Brief: All lines below starting at the one that holds "Diy Self Pokemon" and ending at the one that holds "Wyatt Roams banner image" should be printed exactly, ends included. Pictures should not be printed, nor anything else.

Given records:
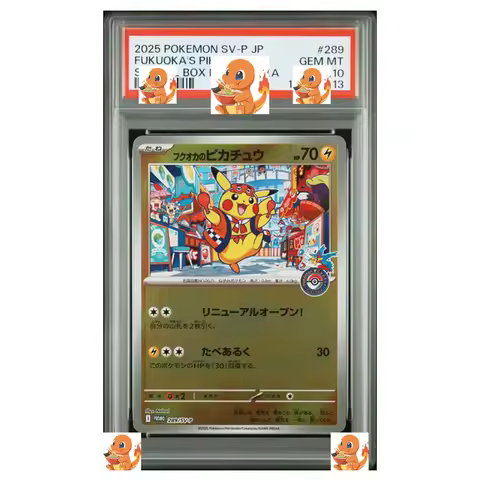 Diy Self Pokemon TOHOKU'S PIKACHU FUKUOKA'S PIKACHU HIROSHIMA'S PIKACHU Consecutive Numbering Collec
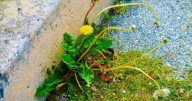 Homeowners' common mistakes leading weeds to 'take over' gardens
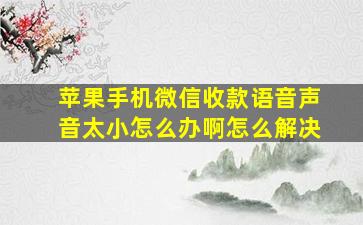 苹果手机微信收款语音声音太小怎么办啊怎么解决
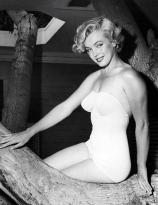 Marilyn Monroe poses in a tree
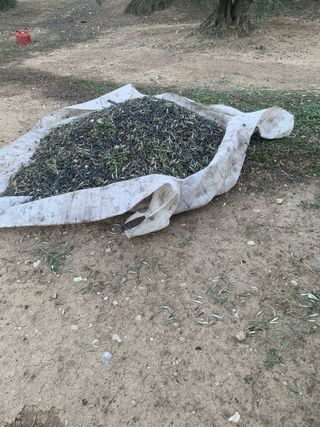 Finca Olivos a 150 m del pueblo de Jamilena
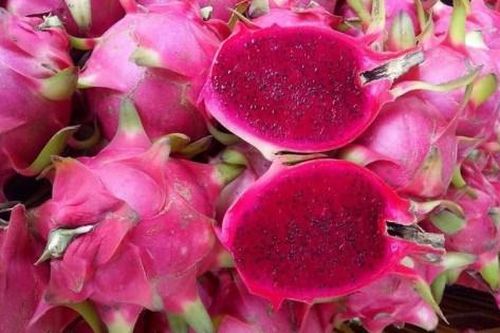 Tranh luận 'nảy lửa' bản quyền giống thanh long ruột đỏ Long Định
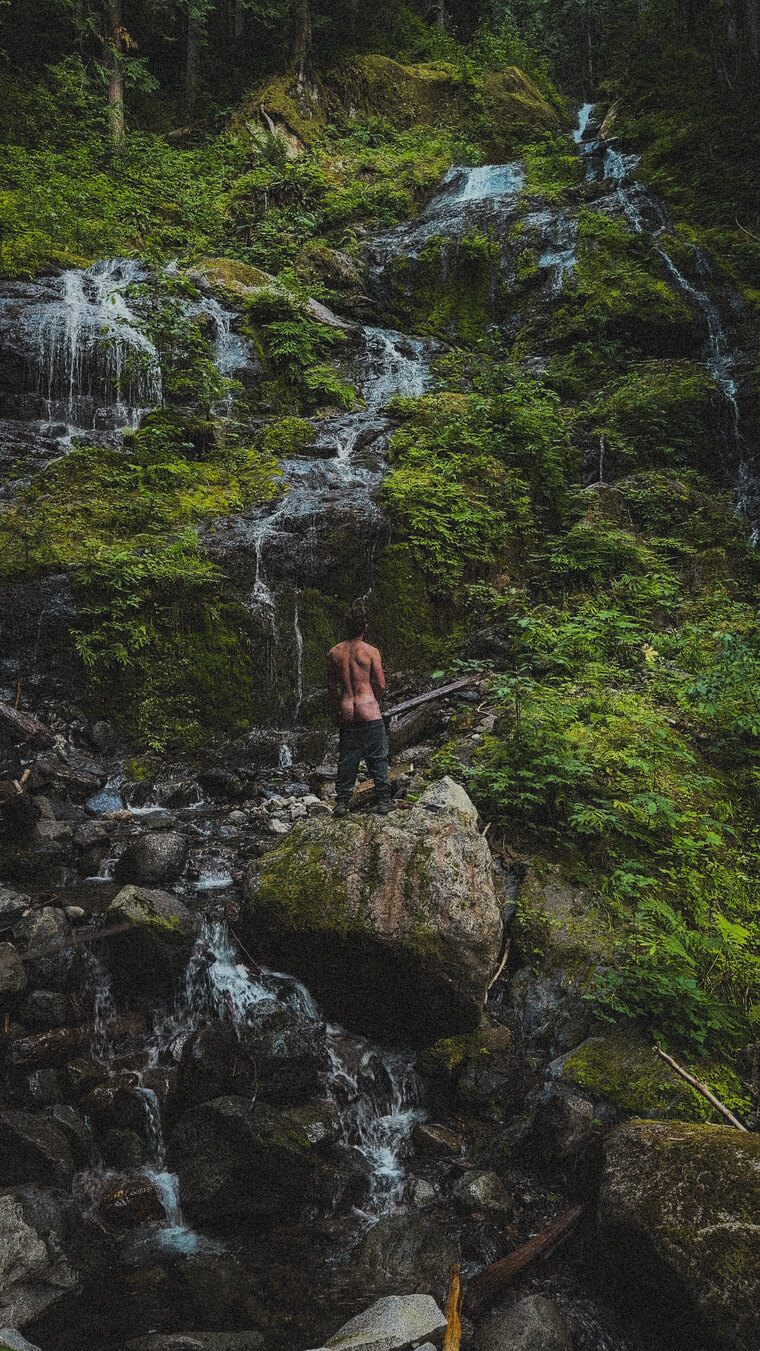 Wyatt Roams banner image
---
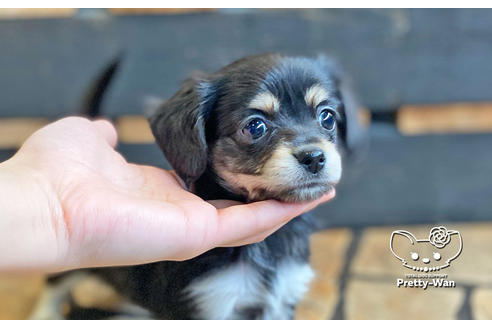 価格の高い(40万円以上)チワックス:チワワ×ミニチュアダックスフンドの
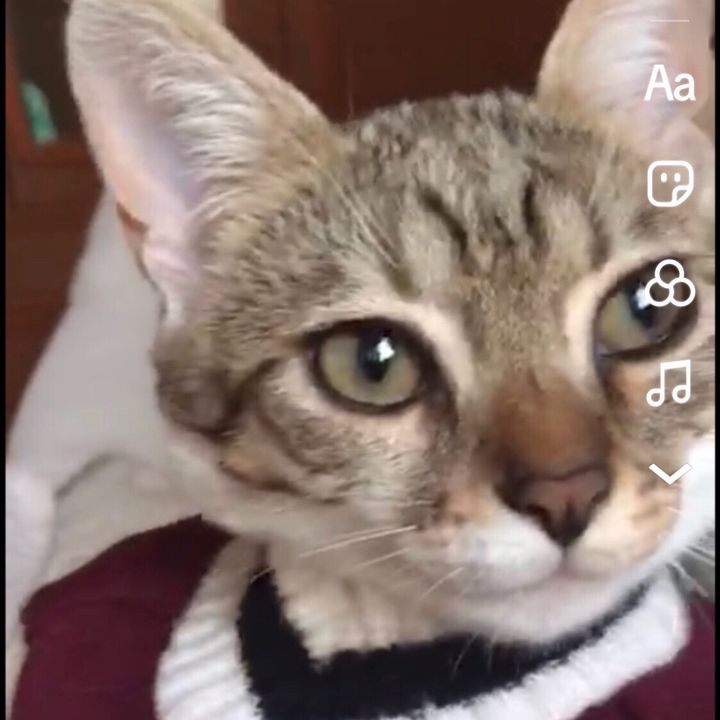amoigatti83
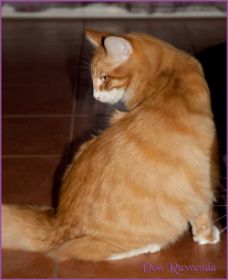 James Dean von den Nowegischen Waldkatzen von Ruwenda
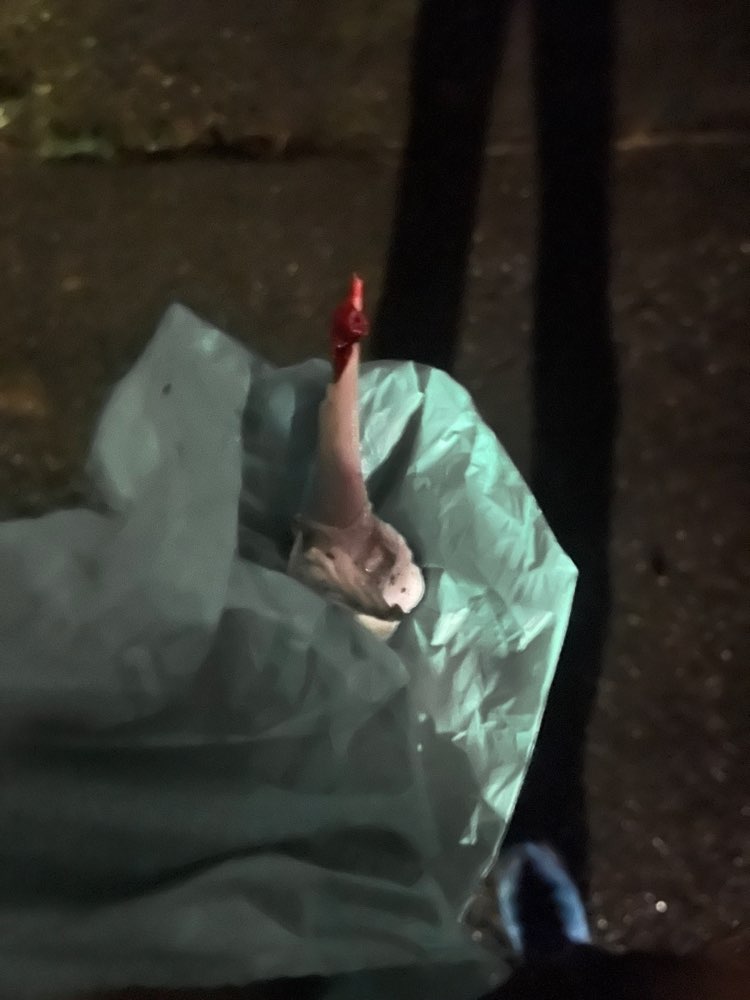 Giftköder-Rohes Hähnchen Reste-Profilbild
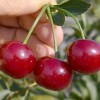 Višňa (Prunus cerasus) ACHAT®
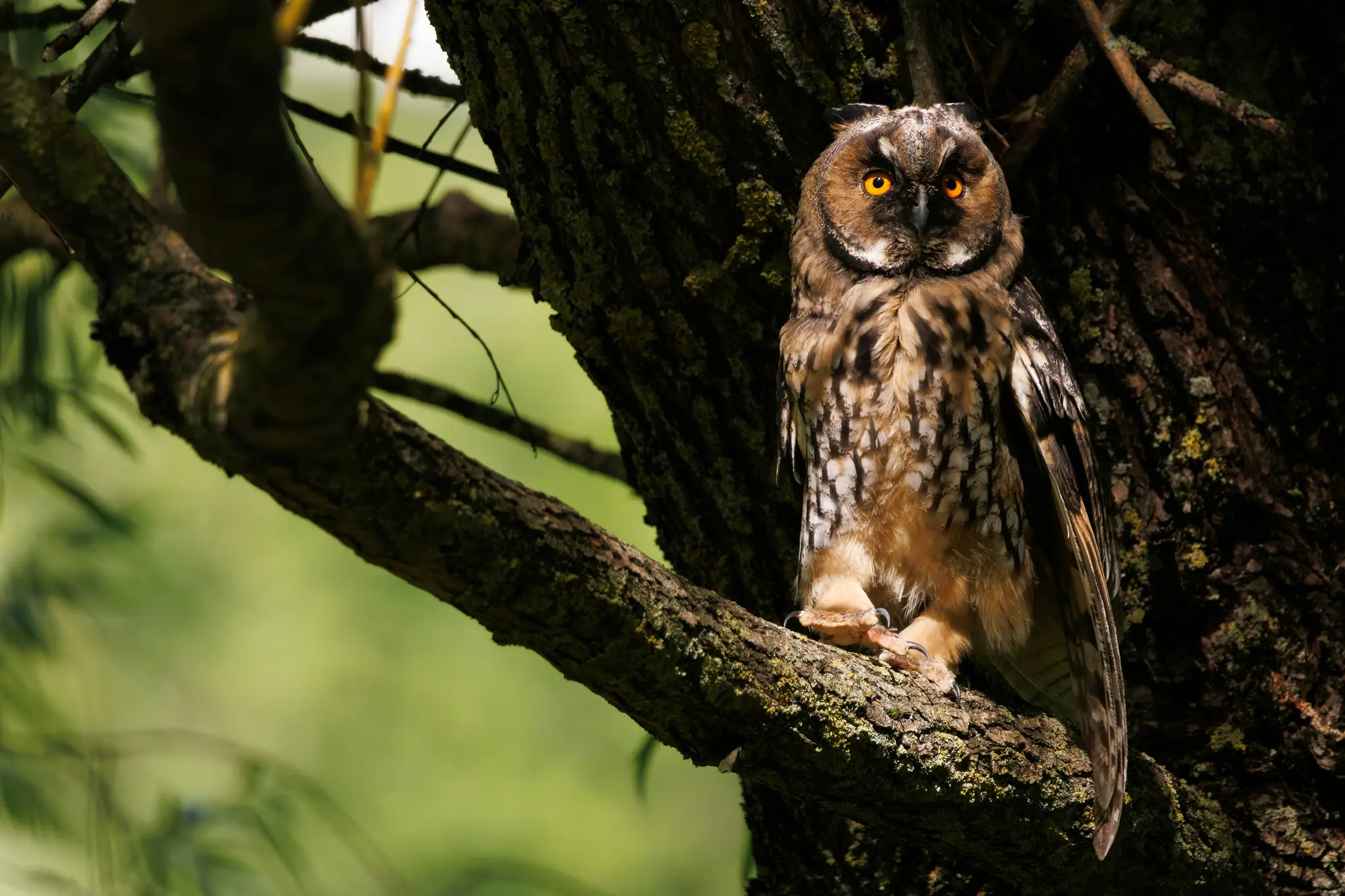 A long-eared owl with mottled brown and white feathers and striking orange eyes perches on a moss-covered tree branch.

Written answer:
 Diy Self Pokemon TOHOKU'S PIKACHU FUKUOKA'S PIKACHU HIROSHIMA'S PIKACHU Consecutive Numbering Collec
 Homeowners' common mistakes leading weeds to 'take over' gardens
 苹果手机微信收款语音声音太小怎么办啊怎么解决
 Marilyn Monroe poses in a tree
 Finca Olivos a 150 m del pueblo de Jamilena
 Tranh luận 'nảy lửa' bản quyền giống thanh long ruột đỏ Long Định
 Wyatt Roams banner image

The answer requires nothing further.